Exact reproduction is required for the lines below starting at the line with "Foot file and" and ending at the line with "A statue of", both included. No other lines, and no pictures.

___ Data in this exercise ___

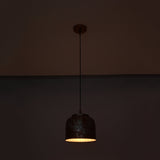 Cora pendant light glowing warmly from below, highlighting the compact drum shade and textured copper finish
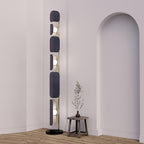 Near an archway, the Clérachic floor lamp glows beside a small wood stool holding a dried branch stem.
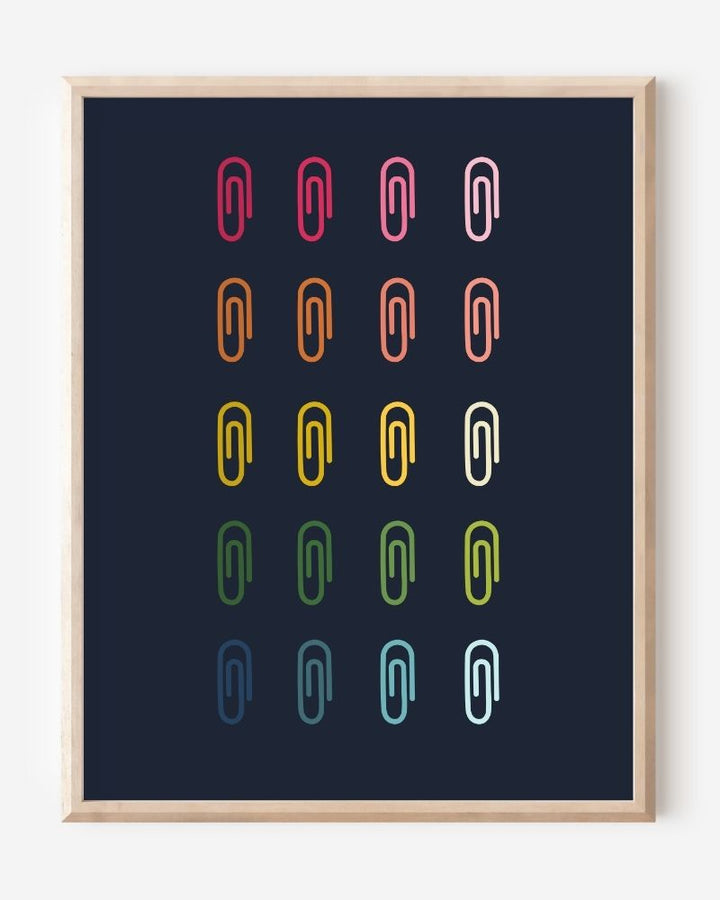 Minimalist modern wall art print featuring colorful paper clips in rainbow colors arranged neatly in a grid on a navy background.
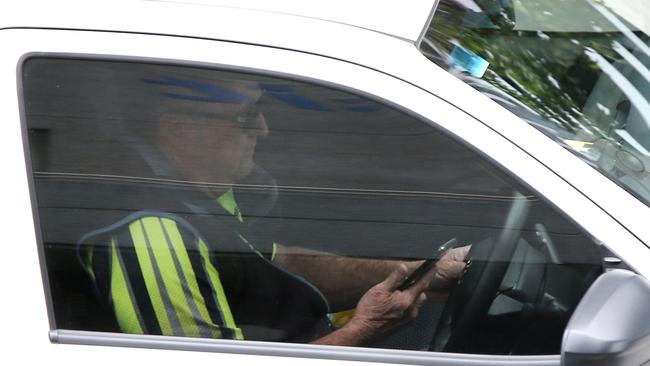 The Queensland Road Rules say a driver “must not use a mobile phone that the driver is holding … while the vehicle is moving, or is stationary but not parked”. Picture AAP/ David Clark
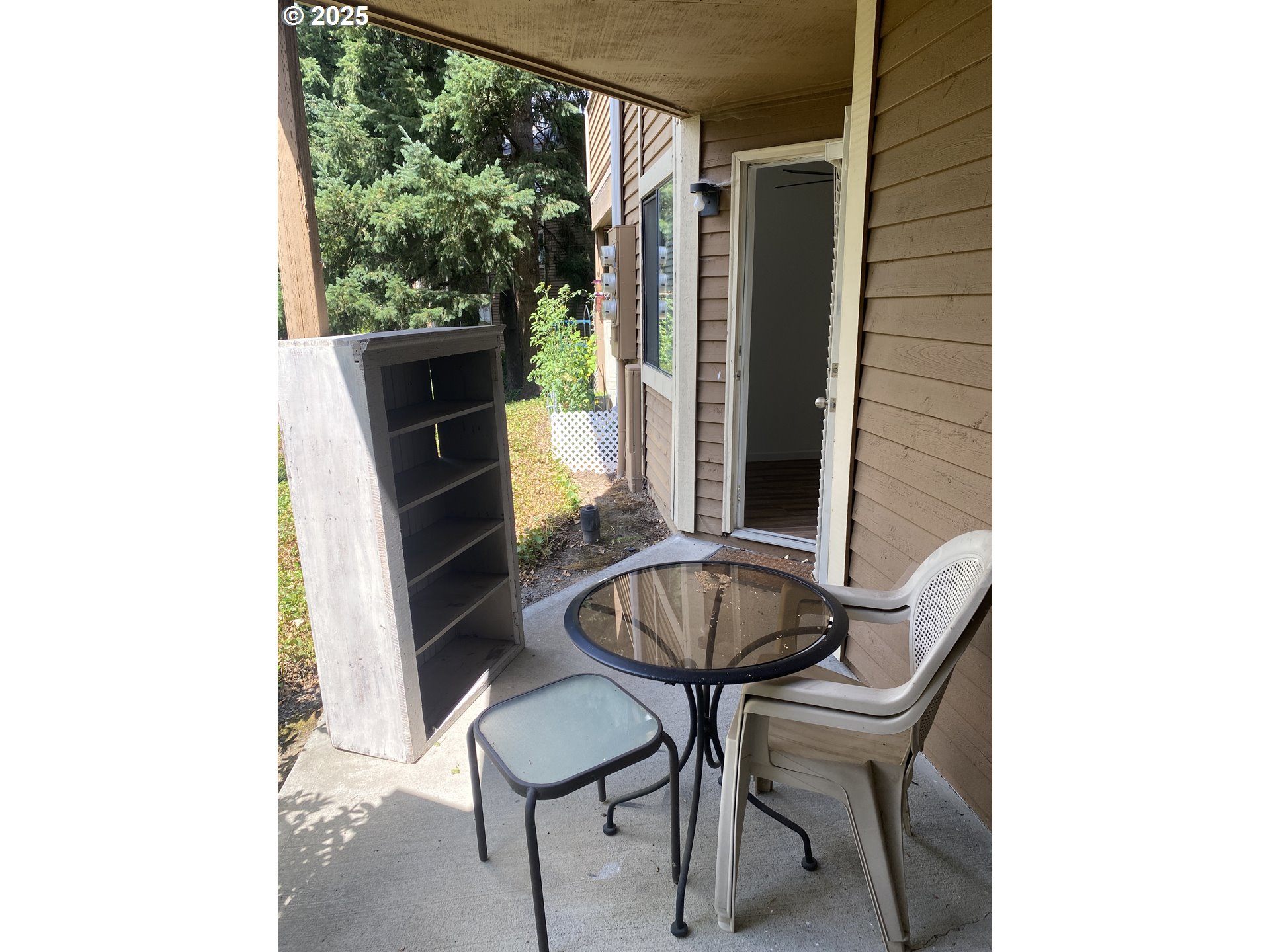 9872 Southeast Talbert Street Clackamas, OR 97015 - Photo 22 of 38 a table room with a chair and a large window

___
___ Data in this exercise ___

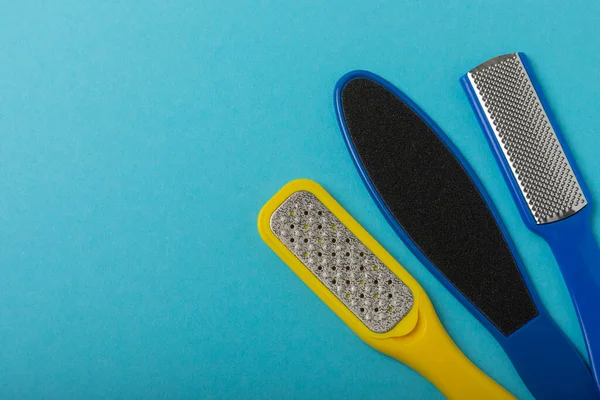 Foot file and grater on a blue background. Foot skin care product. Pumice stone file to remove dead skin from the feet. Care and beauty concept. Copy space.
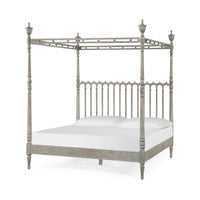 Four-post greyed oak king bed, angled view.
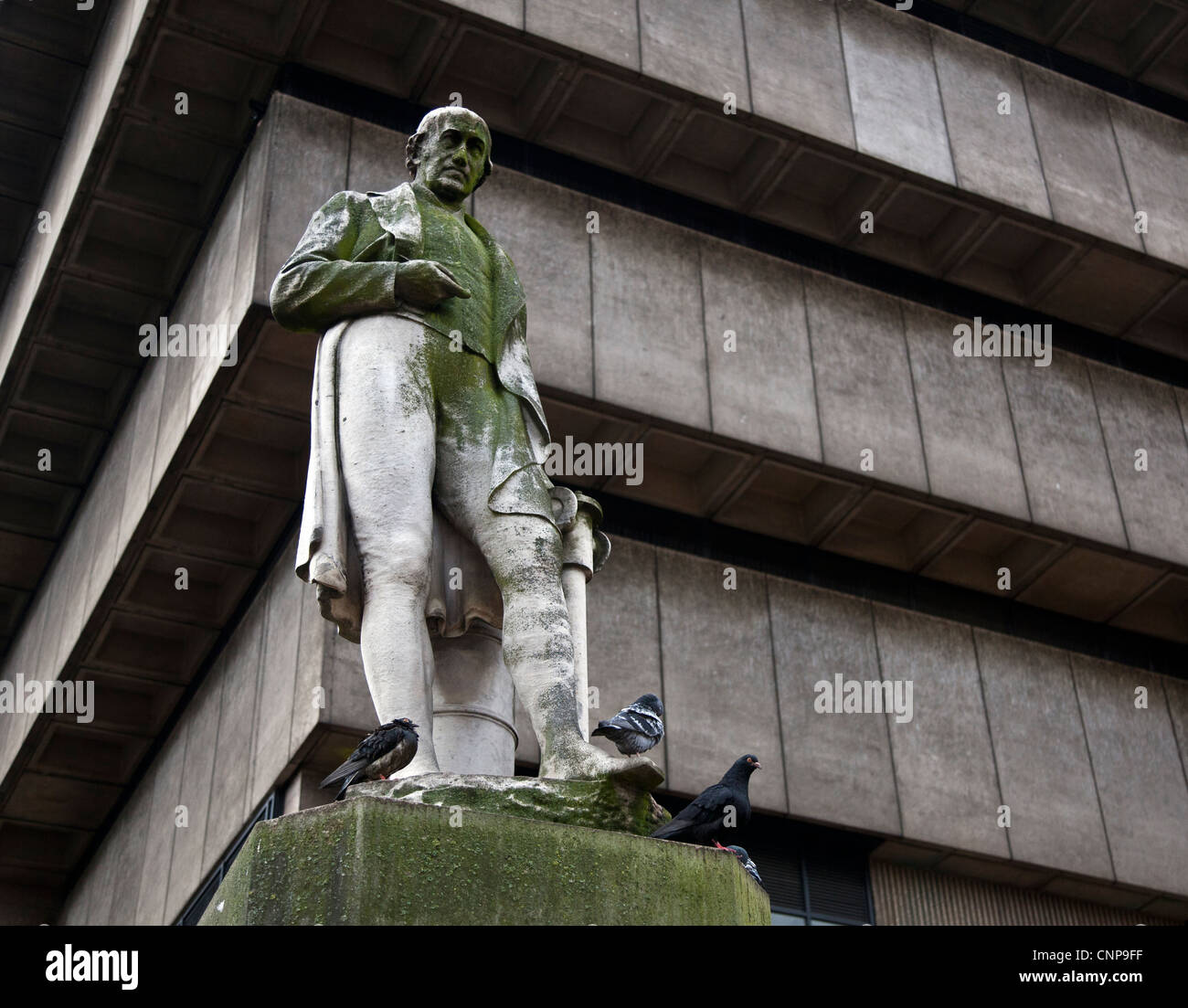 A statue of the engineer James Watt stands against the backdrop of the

___
___ Data in this exercise ___

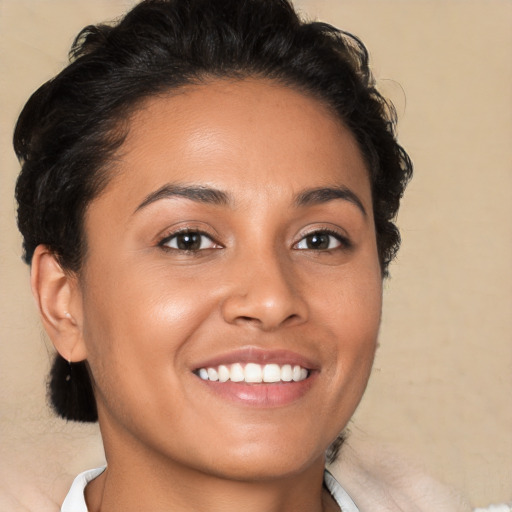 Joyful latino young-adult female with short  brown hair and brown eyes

___

Solution for this task:
 Foot file and grater on a blue background. Foot skin care product. Pumice stone file to remove dead skin from the feet. Care and beauty concept. Copy space.
 Four-post greyed oak king bed, angled view.
 A statue of the engineer James Watt stands against the backdrop of the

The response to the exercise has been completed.